What those who braved the chill to watch Wie got was Q-School 101, a middle-of-the-fairway, take-no-chances exhibition that is not what the golf world has come to expect from the former world-beater-in-waiting but exactly what the Fall Classic demands.
Pretty simple really, said David Leadbetter, Wies longtime swing coach. The big thing this week is not to make mistakes. That will kill you at Q-School and she only made one (mistake) today.
The recipe for Q-School success may not be sexy, but it is efficient.
For the day, Wie hit just four drivers on the 6,473-yard layout, missed just nine fairways, most of which by less than 2 yards, and four greens on her way to an opening 69 and a tie for sixth in her quest to finish inside the top 20 after five rounds and end her vagabond, professional existence.
Although Wie declined to talk with the media after her round, her play spoke volumes.
Following a sloppy three-putt bogey at the 14th hole from 18 feet, Wie played the final four holes in 2 under (birdie-par-par-birdie). She capped her day with a 25 footer for birdie at the 18th that prompted a high-five with caddie Tim Vickers.
Theres no point looking at leaderboards here, youre really just chasing a score, said Leadbetter, who estimated his star pupil would need five rounds near 70 to earn a tour card.
For much of the day the 19 year old was nearly flawless, missing birdie putts from 12, 8 and 20 feet at her first three holes before getting into red numbers on the par-4 fifth after hitting her approach shot to 2 feet. The birdie, however, wasnt even good enough to earn Wie a skin, as fellow competitor Alison Walshe dropped her approach into the cup for an eagle-2.
For the rest of the day it was all Michelle, all the time.
Even Oyama, who began her day with a 5-under 31 on her first nine holes, played her round with virtually no fanfare. She was followed on the leaderboard by Japanese amateur Mika Miyazato, whose bogey-free 66 also featured an opening nine of 31. Both rounds came on the more user-friendly Champions layout.

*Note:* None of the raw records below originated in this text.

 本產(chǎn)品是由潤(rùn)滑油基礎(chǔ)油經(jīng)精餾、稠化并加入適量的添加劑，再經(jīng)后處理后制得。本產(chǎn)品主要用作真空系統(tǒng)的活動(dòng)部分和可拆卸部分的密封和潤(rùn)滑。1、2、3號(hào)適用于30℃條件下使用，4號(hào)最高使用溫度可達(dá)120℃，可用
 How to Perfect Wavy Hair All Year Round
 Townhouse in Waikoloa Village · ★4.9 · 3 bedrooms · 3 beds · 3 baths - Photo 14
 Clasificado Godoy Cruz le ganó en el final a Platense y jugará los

I could be more aggressive, said Miyazato of the Champions Course which gave up three of the 17 lowest cards on Day 1. The Legends is more narrow and tight, so maybe that course I will try to play a little safer.

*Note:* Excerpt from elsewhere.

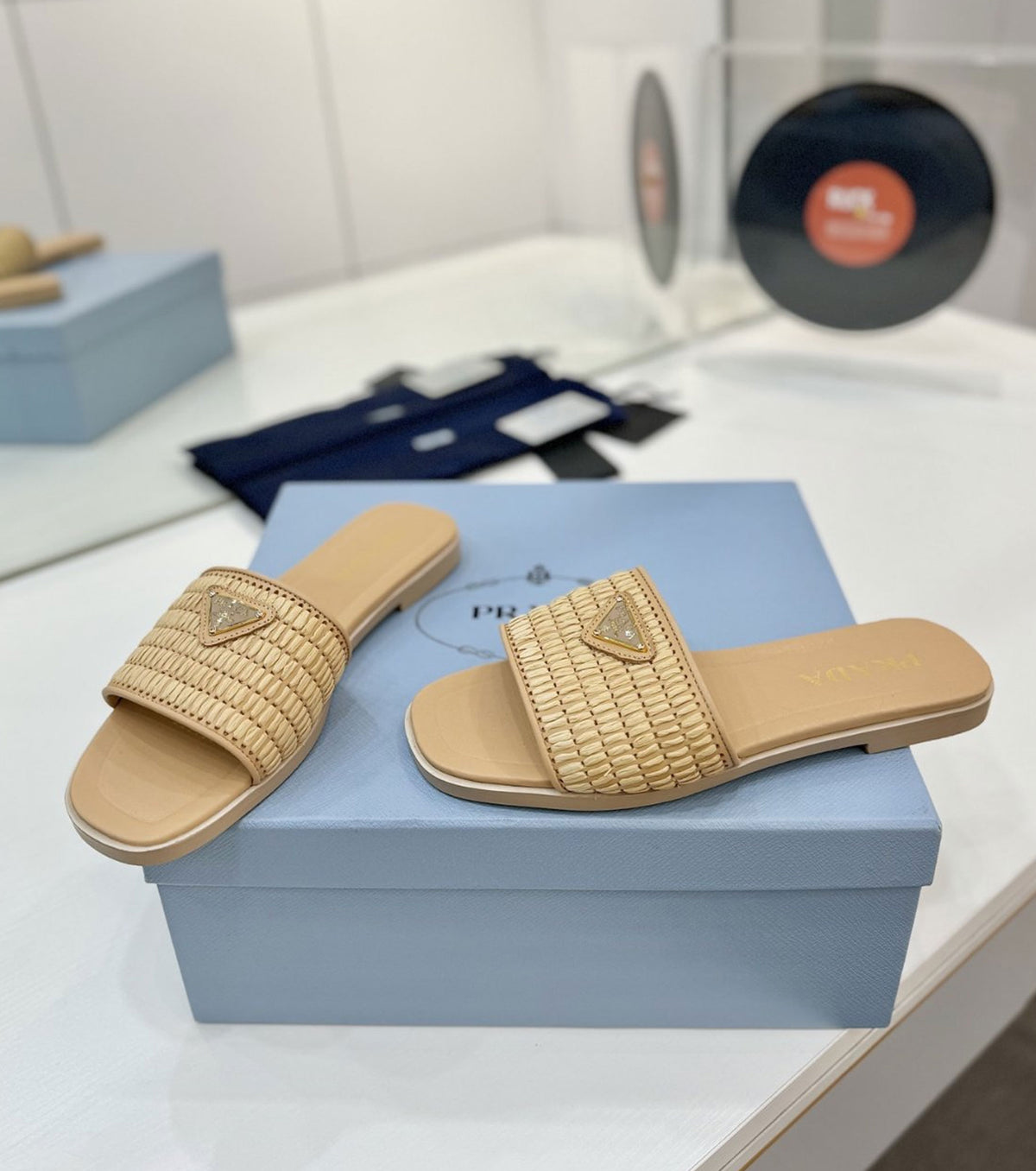 Rafia sandals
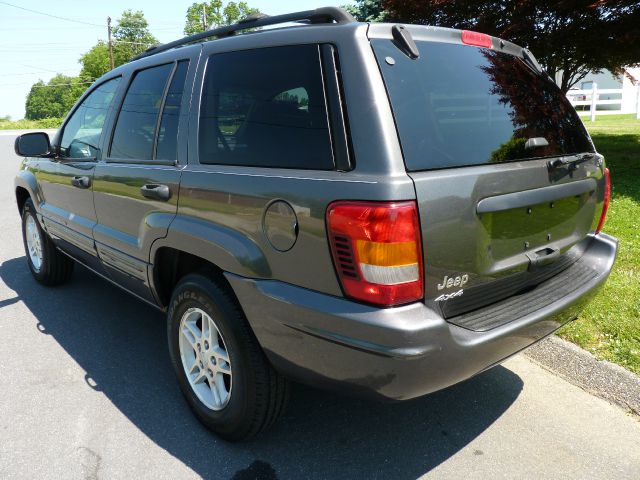 Jeep Grand Cherokee 2004 photo 22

Wie seemed less concerned with safe play as she was with control. Despite morning temperatures that delayed the start of play by about an hour, Wie plodded her way around the pine-lined layout thanks to three-quarter swings and sawed-off follow throughs.
Truth is, if not for a frosty putter Wie would have exceeded her high-profile swing coaches expectations.
Thats as good as Ive ever seen her hit it, said Leadbetter, who spent the week before Q-School working with Wie at ChampionsGate in Orlando. She has really been looking forward to this.
After her opening effort, the central Florida galleries are likely looking forward to Wie getting her turn on the Champions Course on Day 2. And getting her chance to be aggressive.